Pendeta Wijayadi bukan asli warga Karanggede. Dia berasal dari Ngawi, Jawa Timur. Dirinya datang ke kampung itu sekitar 2003 silam. Saat itu dia datang ke Karanggede dan membeli sebidang tanah untuk dibuat rumah. Kemudian pada 2004 mulai membangun rumah yang kemudian dijadikan gereja.
Meski izin secara resmi baru keluar pada 2017, namun masyarakat setempat tidak pernah mempersoalkan hal itu. “Masyarakat welcome dan tidak ribet. Tidak mempersoalkan itu (izin gereja),” ujarnya.

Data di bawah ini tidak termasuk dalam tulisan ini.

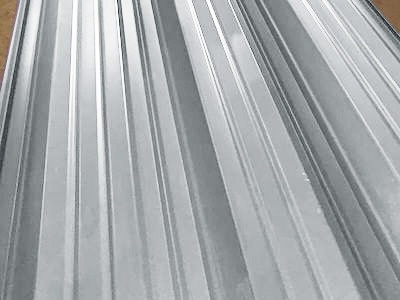 Окрашенный профнастил С8-1150, 0,45 мм, серый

Dalam kehidupan sehari-hari Pendeta Wijayadi juga diterima dengan baik oleh masyarakat sekitar. Dalam acara-acara kampung dia juga terlibat mulai dari acara kenduri selamatan atau hajatan warga dirinya juga diundang. Termasuk saat ada warga meninggal. Pendeta ini juga ikut menggali kubur bersama warga lain sesama muslim.
“Kalau ada kenduri, tradisi Jawa selametan saya ikut. Mereka berdoa dengan keyakinan mereka ya saya juga ikut mendoakan dengan keyakinan kami,” ucapnya.
Tak hanya soal kenduri, saat pembangunan masjid, Pendeta Wijayadi juga ikut bergotong royong. “Dulu kan ini musala, kemudian dibangun masjid sekitar 2010. Di situ saya ikut gotong royong, menganyam besi dan lainnya,” ujarnya.
Pendeta Wijayadi dan jemaatnya mengaku nyaman beribadah dan tinggal di Kampung Karanggede. Setiap event-event keagamaan di gerejanya, masyarakat sekitar juga membantu baik soal parkir hingga masalah keamanan. Meski gereja tak mempunyai lahan parkir sehingga parkir jemaat harus dilakukan di pinggir jalan, masyarakat juga bisa menerima.